In 2016, the individual sued the supermarket chain. He made two claims under the ADA. First, he claimed that the incompatible website was a place of public accommodation that did not comply with Title III. Second, he claimed that the website otherwise violates Title III, even if not a place of public accommodation.
Is a website a place of public accommodation?
No. At least not in the Eleventh Circuit.

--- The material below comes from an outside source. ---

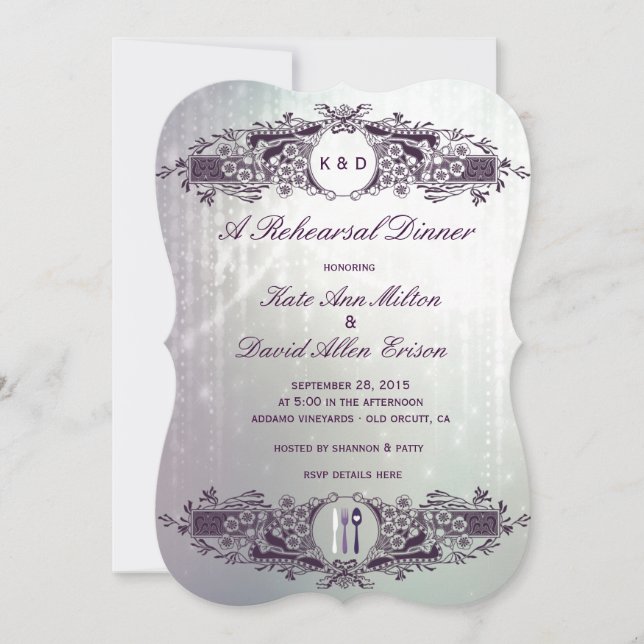 Vintage French Ornate Purple Rehearsal Dinner Invitation (Front)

With a strict, textualist read, the federal appellate court concluded (here) that “the statutory language in Title III of the ADA defining public accommodation is unambiguous and clear.”
The court continued:
It describes twelve types of locations that are public accommodations. All of these listed types of locations are tangible, physical places. No intangible places or spaces, such as websites, are listed. Thus, pursuant to the plain language of Title III of the ADA, public accommodations are limited to actual, physical places. Necessarily then, websites are not a place of public accommodation under Title III of the ADA.
Did the supermarket’s website otherwise violate Title III?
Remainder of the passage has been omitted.